If your asumption that the winding was shorted was correct, than a heavier gauge wire would indeed cause the breaker to trip even faster. But if you actually looked into what could be an actual problem with the use of this machine or just some basic electrical math and trouble shooting instead of just jumping right to the welder being FUBAR, then you would see that there is a simple solution here.
With out having all the unknown factors like actual wire length and even conductor size your cant calculate actual circuit voltage drop. Not to mention if the circuit goes around the house twice and has 10 less than stellar splices in it. You could have big problems getting the minimum 115 volts need by this machine.
But then again if you look at the user guide, even at best if you had a dedicated 20 amp circuit to only the plug that your plugged into and NO EXTENSION CORD, and had that thing cranked to the max you would still be popping breakers.
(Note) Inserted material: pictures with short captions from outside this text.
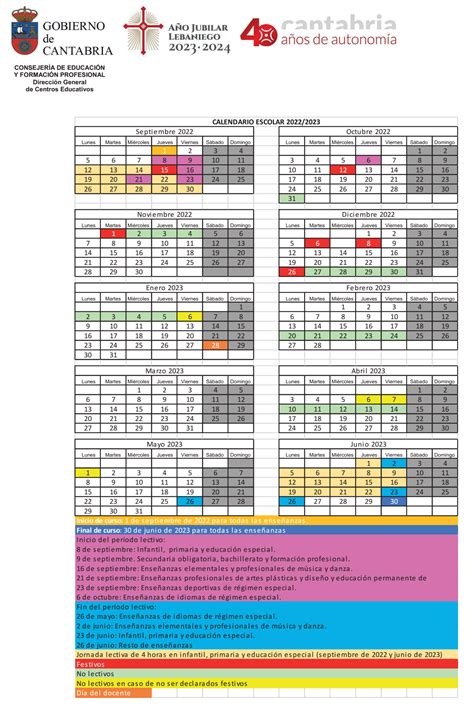 Calendario Escolar Ceo Príncipe De Asturias Ramales De La Victoria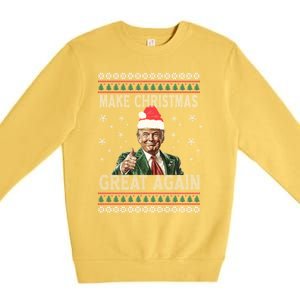 Funny Trump Make Christmas Great Again Xmas Ugly Gift Premium Crewneck Sweatshirt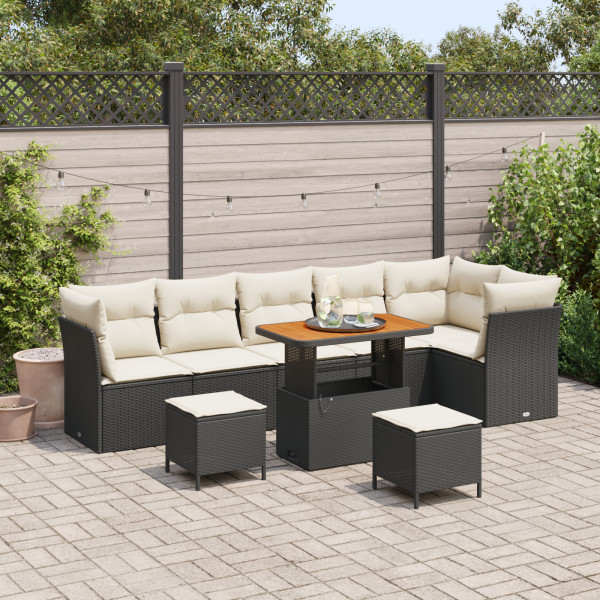 Conjunto de Sofás de Jardín  de 9 Piezas con Cojines Negro Poliratán Acacia. Conjunto de Comedor de Jardín  de 3 Piezas con Coji D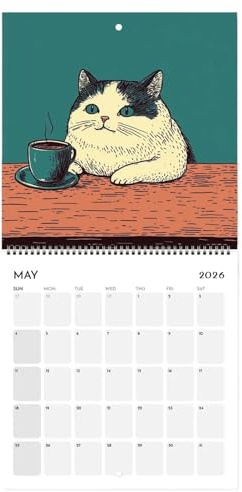 Calendrier 2026 chats – Calendrier mensuel avec chats amusants | Janvier à décembre 2026 Planning mural pour bureau, maison, école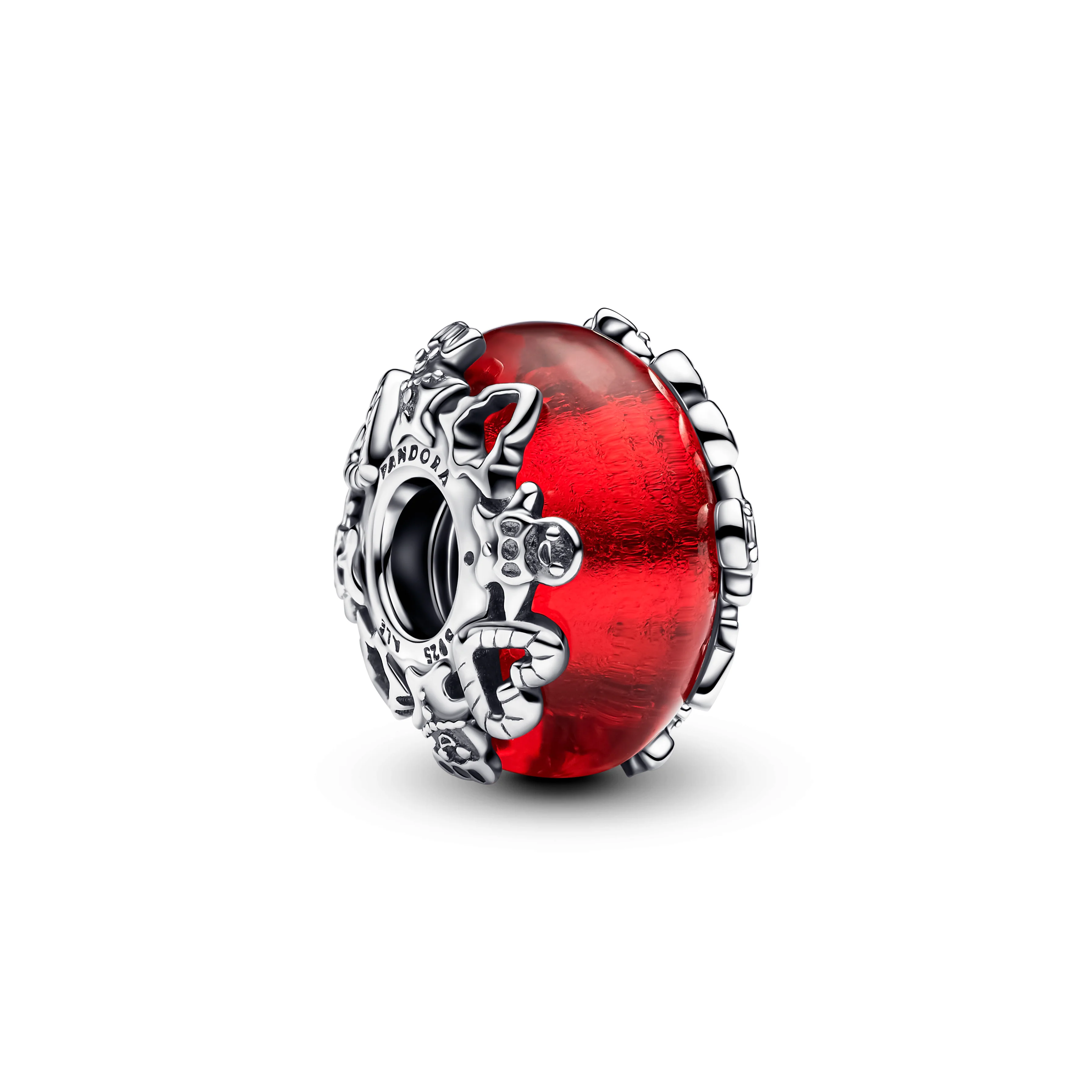 Christmas Motives Sterling Silver Charm With Red Murano Glass And Golden Foil - Image 4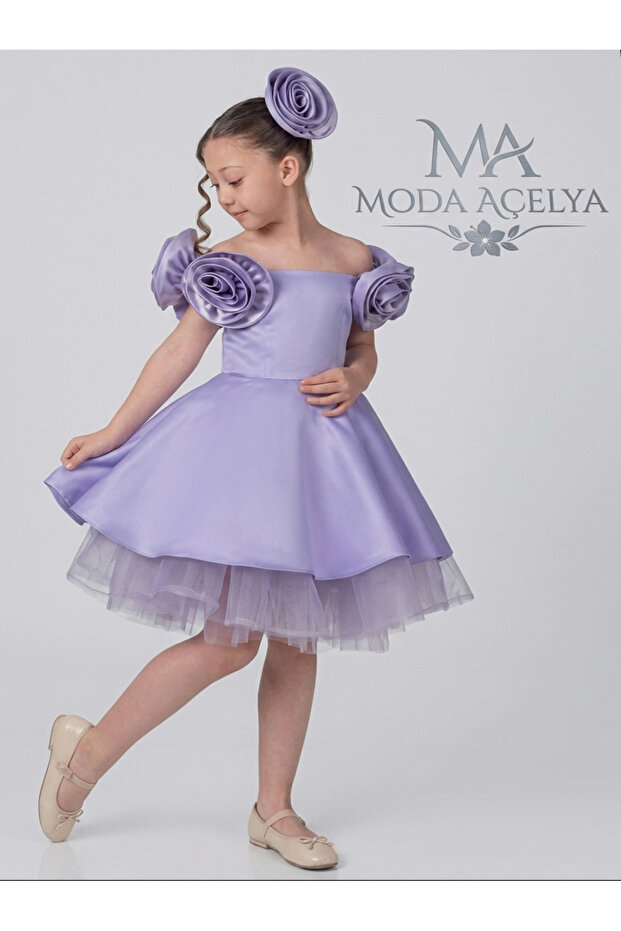 Girl's Rose Detailed Tulle Evening Dress
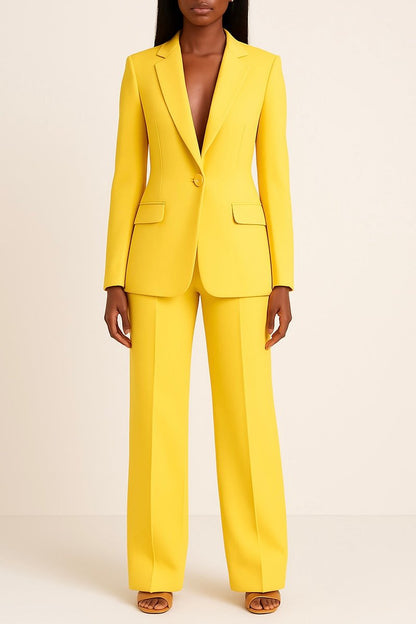 Single-Breasted Jacket & Wide-Leg Trouser Set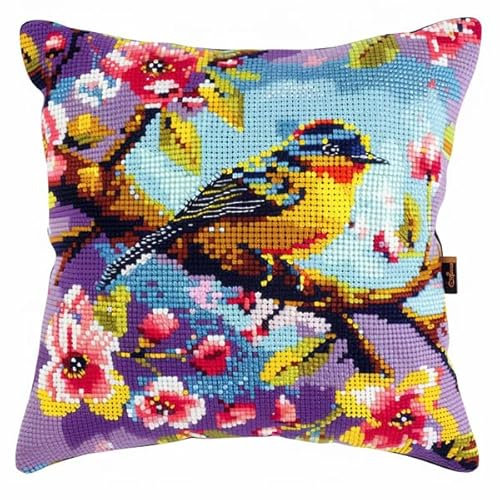 Lfynior Kreuzstichkissen Set Vogel Stickkissen zum Selbersticken 45X45cm Stickpackung Stickset Kreuzstich Kissen zum Basteln Stickkissen Stickpackung mit Vorgedruckt Kreuzstichmotiv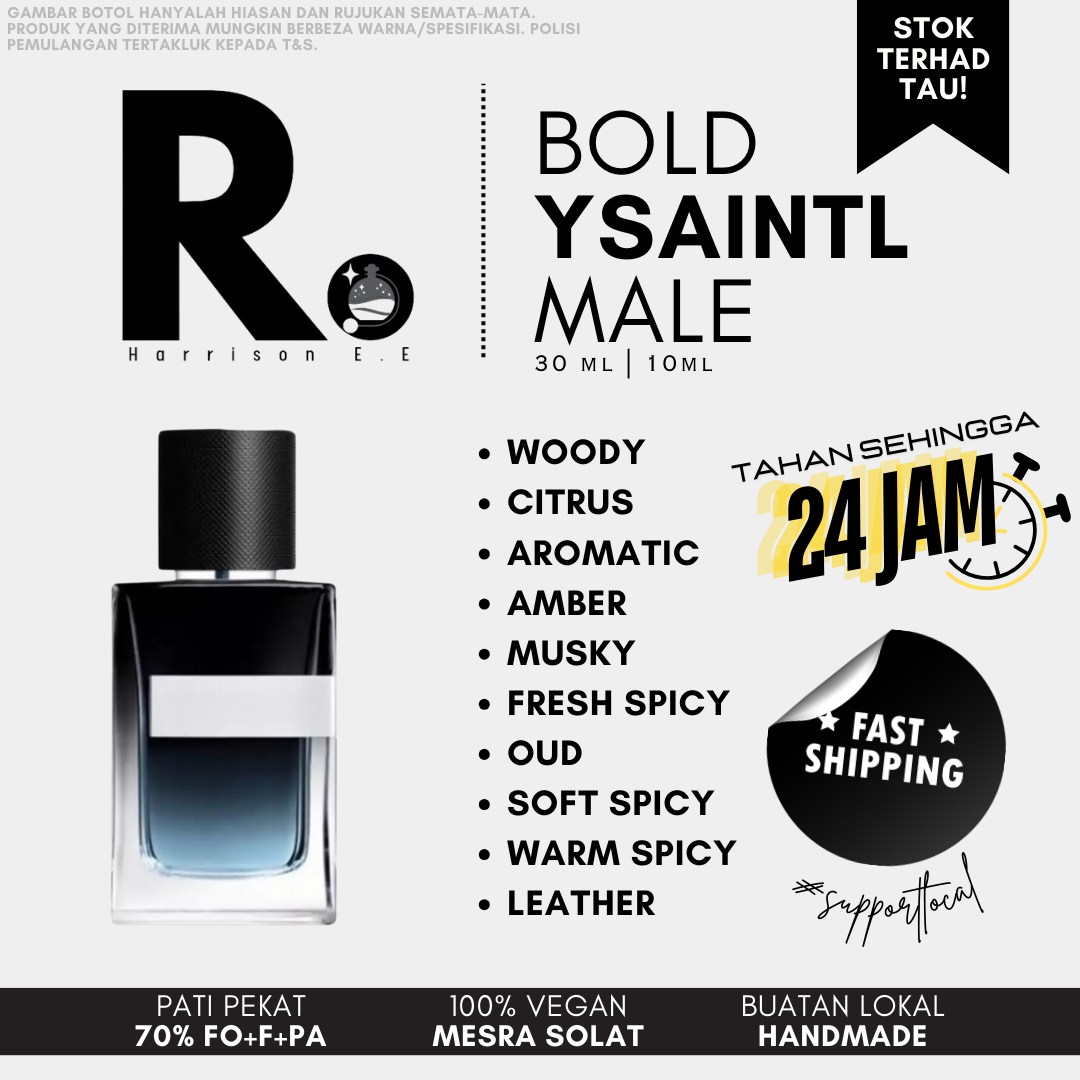 Harrison - Bold YSaintL Male 30ML Long Lasting Perfume Tahan Lama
basic formulas for everyone
V = I x R (Voltage = Current multiplied by Resistance)
R = V / I (Resistance = Voltage divided by Current)
I = V / R (Current = Voltage Divided by Resistance)
Voltage drop calculator if your interested
http://www.electrician2.com/vd_calculator.htm
This here is directly from the users manual.
http://www.lincolnelectric.com/assets/servicenavigator-public/lincoln3/im725.pdf
Requirements For Rated Output
A
power cord with a 15 amp, 125 volt, three prong
plug (NEMA Type 5-15P) is factory installed on the
SP-135 PLUS. Connect this plug to a mating grounded
receptacle which is connected to a 20 amp branch
circuit with a nominal voltage rating of 115 to 125
volts, 60 Hertz, AC only.
The rated output with this installation is 90 amps, 18
Volts, 20% duty cycle (2 minutes of every 10 minutes
used for welding).
Requirements For Maximum Output
In order to utilize the maximum output capability of the
machine, a branch circuit capable of 25 amps at 115
to 125 volts, 60 Hertz is required. This generally
applies when welding steel that is equal to or greater
than 12 gauge, 0.105
” (2.5 mm) in thickness.
So at the end of the day get a dedicated circuit capable of handling what your doing and you will be fine. And (old man) Im not trying to be a prick or bust your balls, but with so many unknow factors and trying to trouble shoot stuff over the interweb you cant allways be right so dont ASS-U-ME that your the only one on here that knows anything about electricity/electronics.
/end rant
OK, a civilized discussion works for me. How do you explain how you are going to pull more current with a higher resistance in series with the machine? Current in a welder is based upon a few things. (1) voltage delivered to the welder (2) the inductance (simplified) of the transformer (3) strength of the arc ...ie the wire size.
The current through the transformer is really a function of the saturability of the core, the reluctance of the core, the Q of the transformer, the size of the wire, and the load, etc.
The load on the output of the transformer is really dependant on the arc. The arc depends on mainly on the voltage output, which is a function of the windings being selected by the switch and to a lesser amount the size of the wire/arc. Less voltage means less arc current.
Given the fact that it once worked and now doesn't, what changed? My first thought was the breaker, but it was said that the breaker was changed out. That pretty much leaves the welder pulling more current. What would cause that? There are several things; shorted windings on the transformer, a bad diode in the bridge. All of these things cause more current to be drawn. It would be interesting to see the welder put on a much bigger breaker and then seeing if it overheated and blew the thermal breaker.
I had a Craftsman (Century) 120v welder for years. I welded a lot of super thin sheetmetal material. To lessen the output power, I ran it on a large variac and dropped the voltage. Before that I used a wet pile resistor to limit the current. Using a small power cord acts like a voltage divider and also drops the voltage. Doing these things caused a reduction in current, not an increase.
Using the formula I=V/R, what happens to the current when you increase R? Since the R is in series, what happens to the voltage across the welder as the R is increased?
The standard house type breaker is referred to as a thermal-magnetic circuit breaker. They have what are called trip curves. A breaker does not instantly trip when its rated current is exceeded. Typically at a load of about 1.5 times the rated current,it can easlily take up to 2 minutes to trip. The OP said he could only weld an inch or two before it tripped. Lets call that 30 seconds of weld time. To get it to trip in that amount of time, you need to more than double the current. What can cause a doubling of current. Like I said, there are basically only a couple of things chat could double the current; a shorted winding on the transformer or a blown diode.
Having said all of this, it all depends on an accurate statement of the conditions by the OP. Without that, all bets are off.